What the task asks: Restate word for word the section of the entries that opens at the line containing "รีวิว diva v" and closes at the line containing "knock knees problem", both lines kept, pictures dropped.

Dataset records
"""
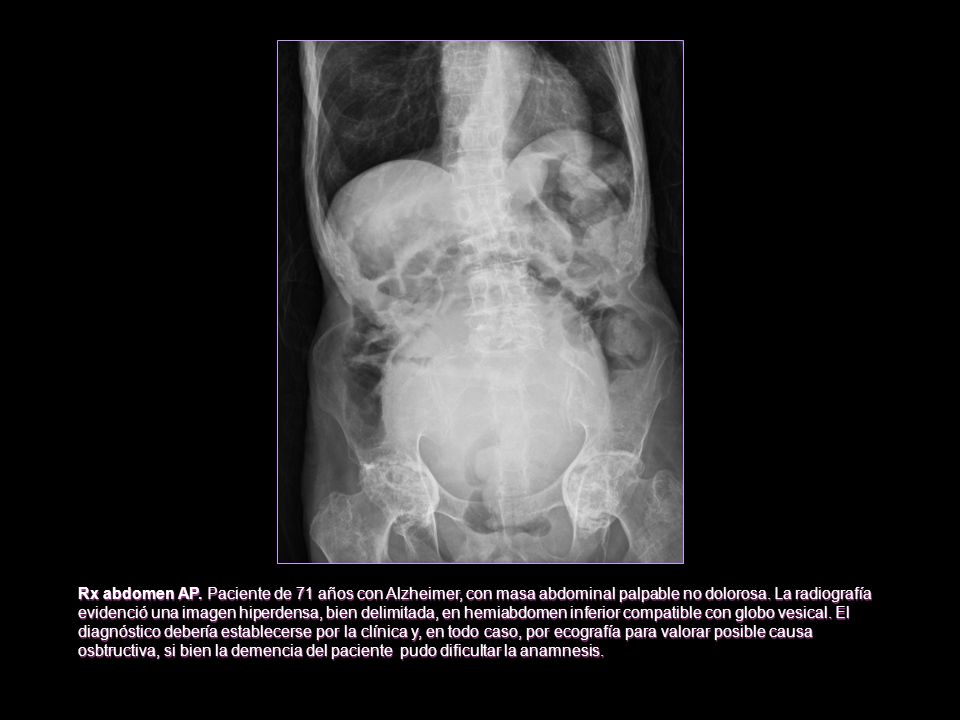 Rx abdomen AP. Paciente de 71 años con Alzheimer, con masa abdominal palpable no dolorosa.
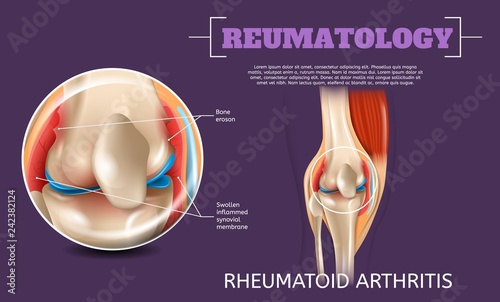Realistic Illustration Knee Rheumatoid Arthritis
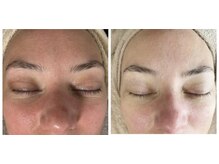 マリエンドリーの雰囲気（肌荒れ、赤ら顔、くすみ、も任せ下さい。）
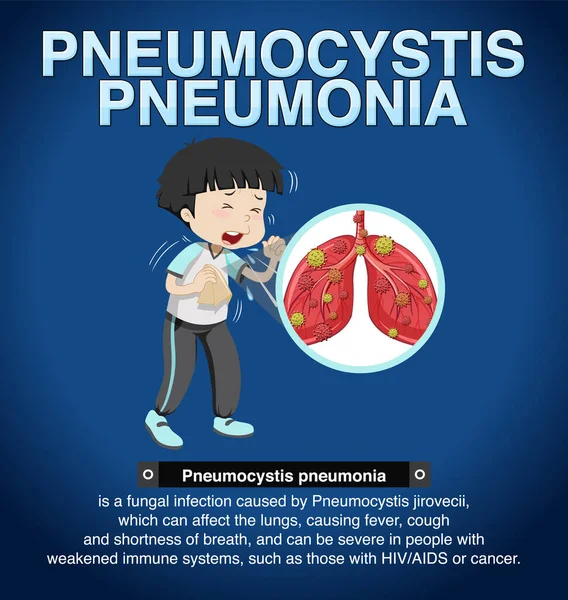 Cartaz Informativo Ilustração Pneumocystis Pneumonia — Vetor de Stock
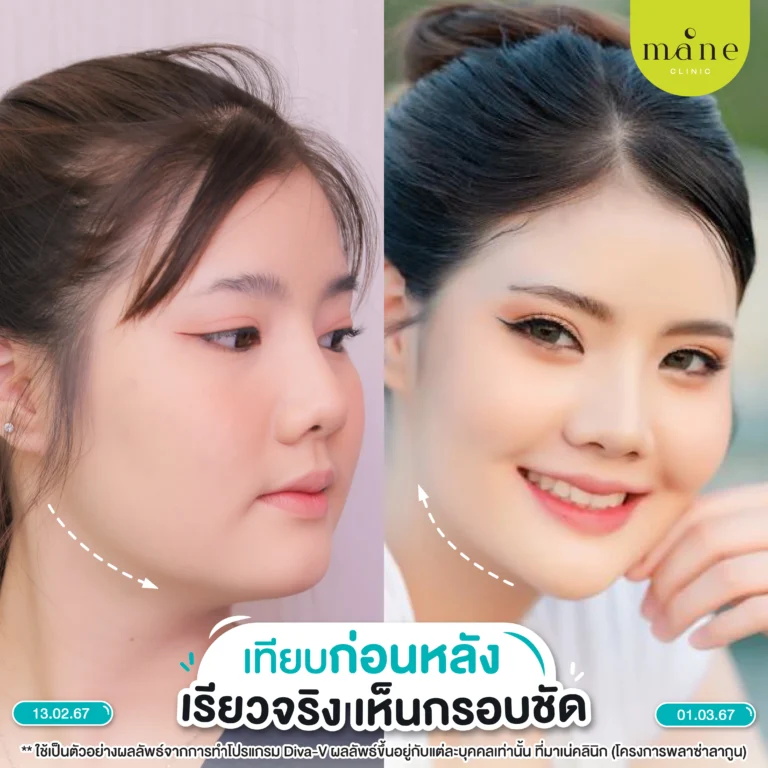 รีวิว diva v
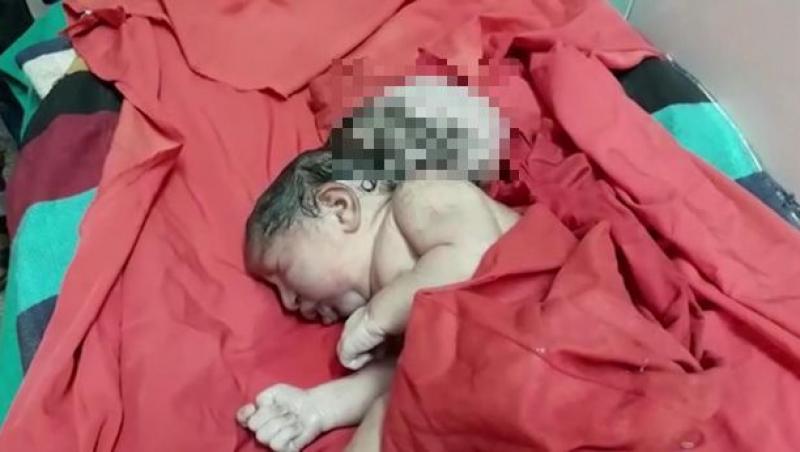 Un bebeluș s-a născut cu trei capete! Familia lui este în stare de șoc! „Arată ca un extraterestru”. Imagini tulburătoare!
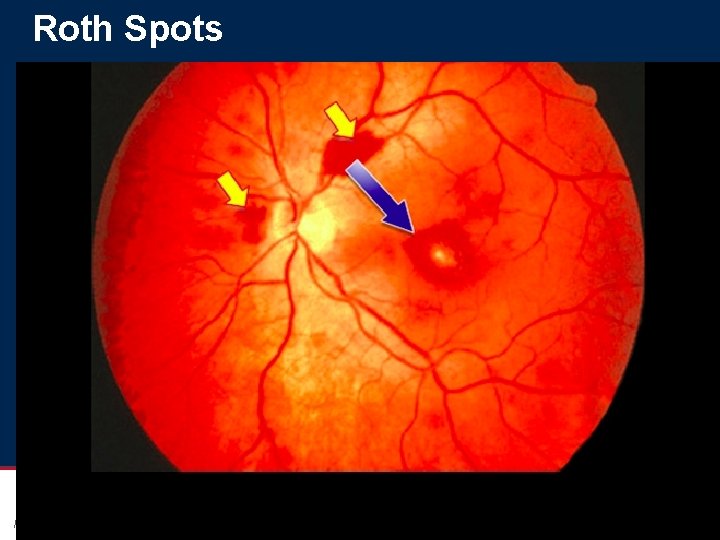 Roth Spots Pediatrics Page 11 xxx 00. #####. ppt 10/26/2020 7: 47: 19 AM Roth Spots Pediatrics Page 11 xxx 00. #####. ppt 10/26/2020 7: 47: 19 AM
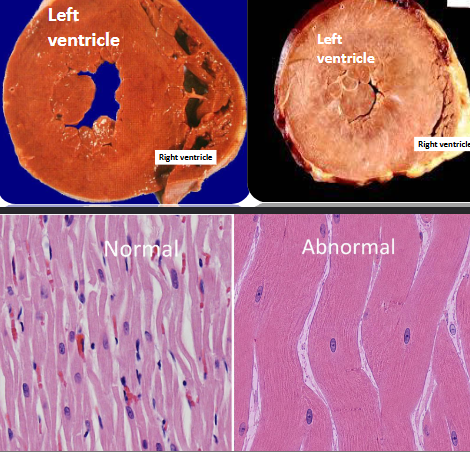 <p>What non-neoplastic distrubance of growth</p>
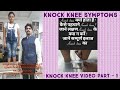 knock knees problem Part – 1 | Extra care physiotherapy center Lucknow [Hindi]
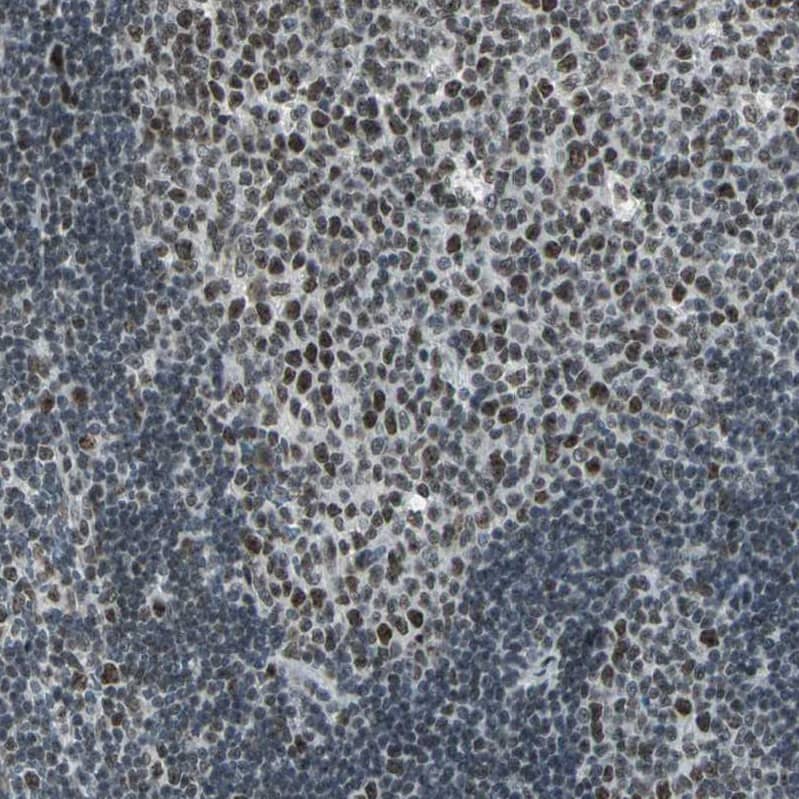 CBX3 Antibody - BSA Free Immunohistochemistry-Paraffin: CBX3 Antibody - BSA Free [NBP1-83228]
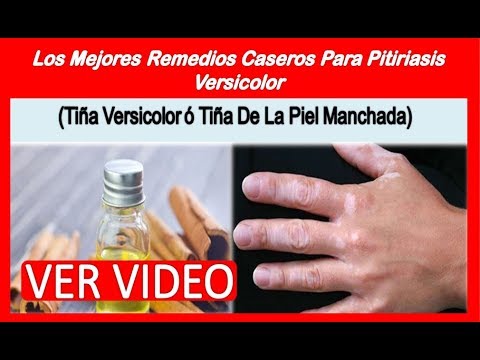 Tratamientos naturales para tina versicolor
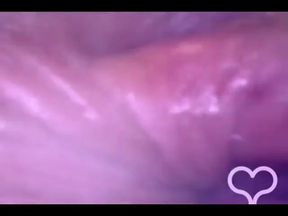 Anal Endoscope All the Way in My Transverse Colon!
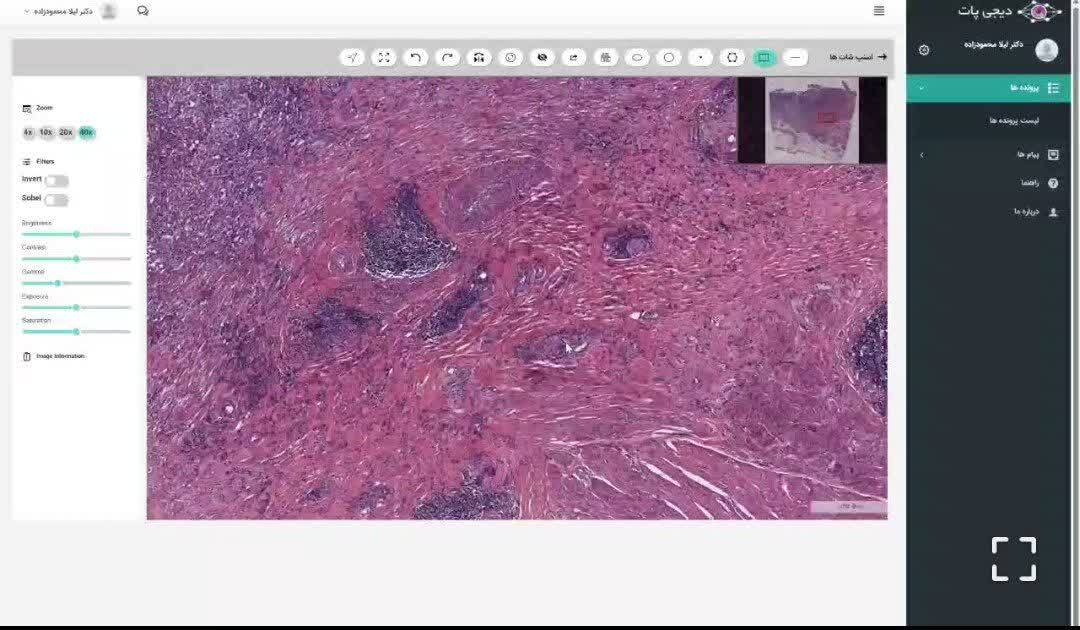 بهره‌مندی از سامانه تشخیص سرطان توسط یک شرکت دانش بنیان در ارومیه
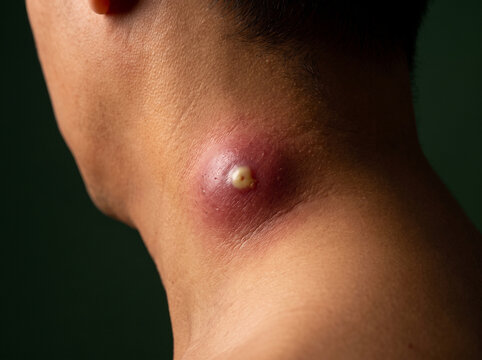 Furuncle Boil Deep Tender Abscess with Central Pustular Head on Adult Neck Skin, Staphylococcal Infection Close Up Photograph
"""
Worked solution:
 รีวิว diva v
 Un bebeluș s-a născut cu trei capete! Familia lui este în stare de șoc! „Arată ca un extraterestru”. Imagini tulburătoare!
 Roth Spots Pediatrics Page 11 xxx 00. #####. ppt 10/26/2020 7: 47: 19 AM Roth Spots Pediatrics Page 11 xxx 00. #####. ppt 10/26/2020 7: 47: 19 AM
 <p>What non-neoplastic distrubance of growth</p>
 knock knees problem Part – 1 | Extra care physiotherapy center Lucknow [Hindi]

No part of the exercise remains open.